ATHENS (Reuters) - Greek Prime Minister Lucas Papademos faces a critical task of convincing international lenders and political party leaders on Sunday to agree to the stringent terms of a 130 billion euro ($171 billion) rescue plan to stave off looming default.
Greece on Saturday warned it had just one day left to clinch the bailout plan with political leaders and impatient lenders who accuse it of dragging its feet on promised reforms.
"There is great impatience and great pressure not only from the three institutions that make up the troika but also from euro zone member states," said Finance Minister Evangelos Venizelos on Saturday after what he called a "very difficult" conference call with euro zone counterparts.
"The moment is very crucial. Everything should be concluded by tomorrow night."
Papademos, who failed to resolve all issues in talks with lenders on Saturday, is due to call in the socialist, conservative and far-right party leaders in his coalition on Sunday to seek their blessing for reforms in the bailout.
Athens has wrangled without success for weeks with lenders and private bondholders on the bailout package and a debt restructuring plan, putting itself dangerously close to bankruptcy as 14.5 billion euros of debt falls due in mid-March.
In an apparent warning to Greek political leaders opposing key reforms, Venizelos said the patience of European partners and the International Monetary Fund (IMF) footing the bill for Greece's bailout was wearing thin.
Euro zone finance ministers told Greece on Saturday it could not go ahead with an agreed deal to restructure privately held debt until it guaranteed it would implement reforms needed to secure a second financing package from the euro zone and the IMF.

My view:

While Athens burns, the emperors are fiddling.

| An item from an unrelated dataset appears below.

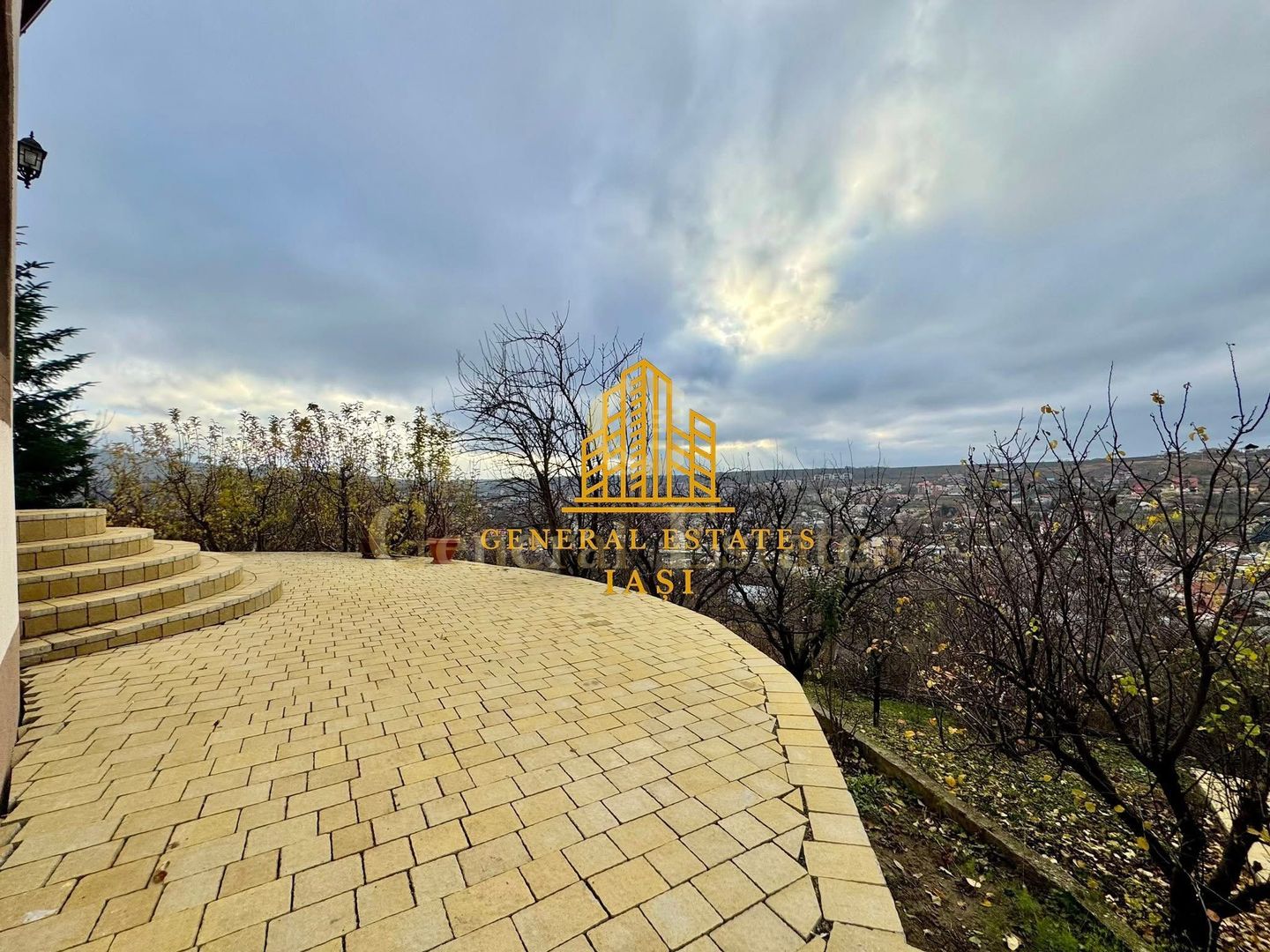 Proprietate Exclusivă în Bucium – Priveliște Panoramică asupra Iașului - Poză 19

Greek politicians are still trying to kick the can down the road as the Troika attempts to impose austerity measures that are so unpalatable that no party can stomach them.

With Greek debt to GDP exceeding 170%, this plan to drop it to 120% is a restructuring plan with no hope of working.

My own calculations, taking into account the terrible trade deficit Greece has, indicate that from a repayment standpoint after default, debt to GDP probably should not exceed 30%.

The severity of the Greek problem can mean only one thing.

As some point soon, out of a sense of self preservation, the Greeks will default on virtually all of their debt and return to the drachma.

Such an uncontrolled default is likely to cause much disruption in the banking industry in Europe and spill over into the United States and other nations.

While I doubt the next 24 hours will bring on such a calamity.  It should become apparent to the markets even is a temporary deal is reached within the next few months, that the Troika, central banks, and sovereign governments have greatly exaggerated their ability to resolve this crisis.

I note that over the past couple of weeks, even Libor and Ted have been dropping, showing the high level of complacency that exists.

The stock markets are probably very headline sensitive at this point with their low volumes and high degree of institutional manipulation.

In a few weeks, I anticipate some type of flash crash once a large enough headline grabbing story shocks investors into reality.  Until then stocks may whipsaw about as they grind a little higher.